I was merely pointing out that many have been propagandized to think that Communism and Naziism are diametrically opposed in regards to being at different ends of the political spectrum..but it simply is not true.
Link is broken and yes, if that's the number given I do disagree. 12 million in concentration camps, 2 million more Poles in whole sale massacres, 20 million Soviet civilians, 1 million Yugoslavs, 1 million Greeks, 1 million Italians (in revenge after Italy switched sides in 1944), half a million French after Overlord and about 10 thousand Britans. Yes, revionism of Nazi atrocities seems to be in these days, they keep parring the numbers down and many even claim that it was all Goebells fault. Pure BS.
oh, yeah, I agree. I've even had some debates with Nazi defenders, here on FR, who were blaiming socialism and communism for all the evils and excusing Nazis. Well had to point out to them that Nazi stands for National Socialists. You are very correct on that point. Nazis are Trotskites with racism.
I would disagree; I think the Soviets were on the ropes at Stalingrad. Morale was very bad; "deserters and cowards" being shot out of hand. Stalin needed a victory for his troops; something more than the "Not a Step Back" order. The Germans on the Volga were a long way toward accomplishing what they needed to do economically. Everyone thinks they were after the Soviet oil in the Caucasus, which they were, and that they needed it, which they did not. Germany had a sufficient amount in Rumania. The problem was getting it to the front. By blocking Volga barge traffic and north-south rail lines through Stalingrad, the Germans were in a position to DENY the Soviets their own oil. Eventually, they would have strangled the USSR if they could have kept their positions.

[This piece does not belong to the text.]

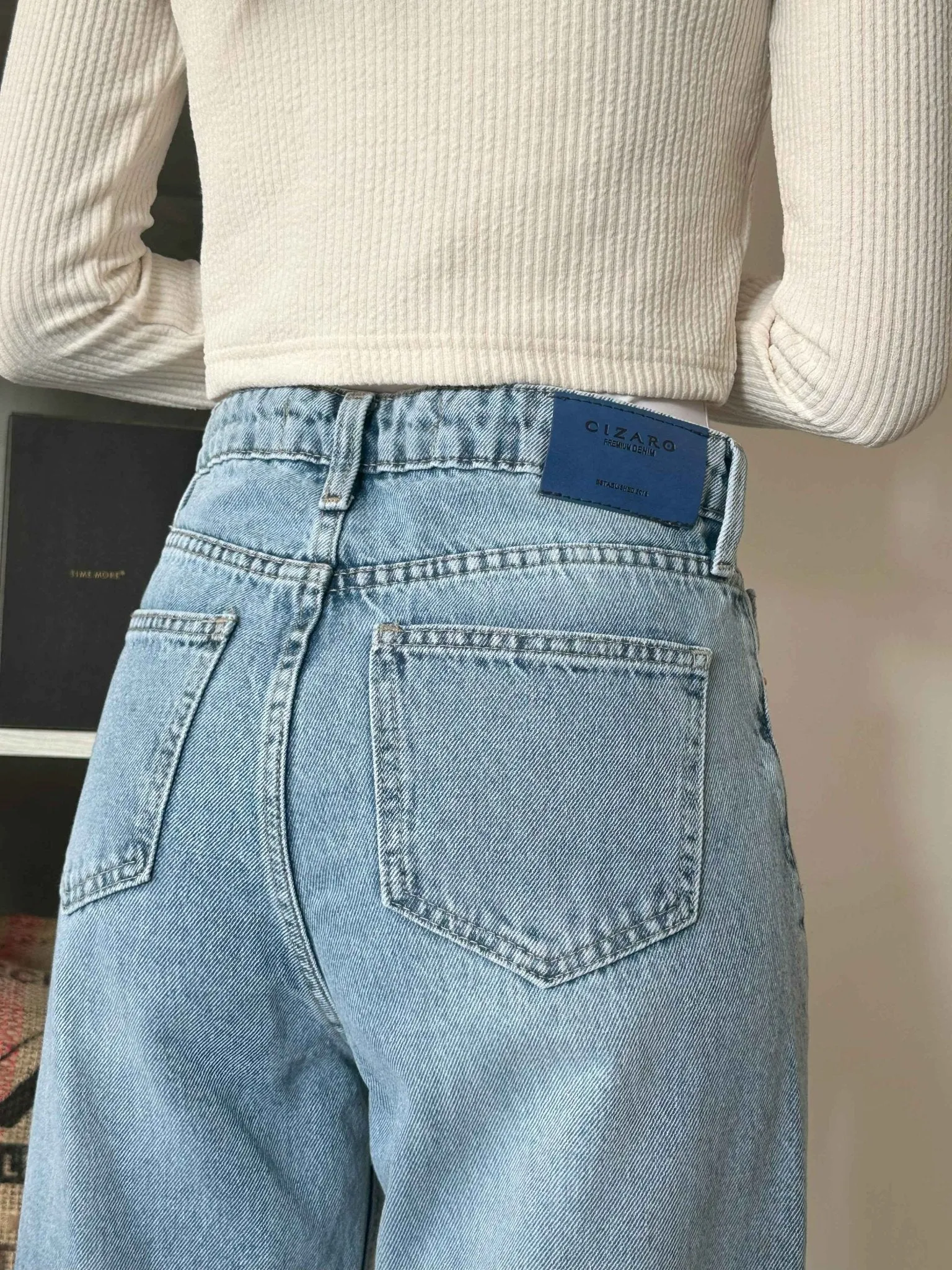 Wide Leg - Soft Iced Blue Wash Jeans.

That almost happened, too. The Germans slated a number of strong panzer formations to back up the Rumanian armies on the flanks at Stalingrad, but gave priority to feeding the meatgrinder in the City. The operations you refer to by Manstein were done with panzer divisions that got there too late to stop Operation Uranus. If the Germans had pulled back to siege positions around Stalingrad after October 15, and made strengthening the flanks a priority, Uranus would be in the toilet, so to speak. Open tank fighting on the steppe in late 1942; advantage, Germany, by a big margin.
I'd love to visit Volgograd, but not while Putin's in charge. I don't trust that guy.
Stalin's strong point was he pretty much stayed out of Zukov's and Stavka's way. He made the noises of decision maker but other then that let them plan and carry out. Hitler after the 1941-42 Soviet counter offensive, declared himself the Furher of the Wehermacht too.
What's he going to do to you? Arrest you?
Lots of Germans, and Nazis, went to work for the Soviets. One master for another.
And a lot of former SS men fought in the French Foreign Legion, too. Many at Dien Bien Phu.
The ones who had no hope were the non-German SS units. Many of them fought in Berlin. They were all dead men and they knew it.
"Stalin was just as guilty as Hitler for starting WWII when they both invaded Poland in 1939"
Let's raise the ante - Hitler rose to power only because of the backlash to Stalin's genocide of 10 million in 1933. Many of these were Mennonites living in Ukraine that were able to get word back to their relatives in Germany.
No Stalin means no rise of the Nazi party.
I don't like him. I wouldn't want to be an American in his Russia. It's an anti-Western atmosphere.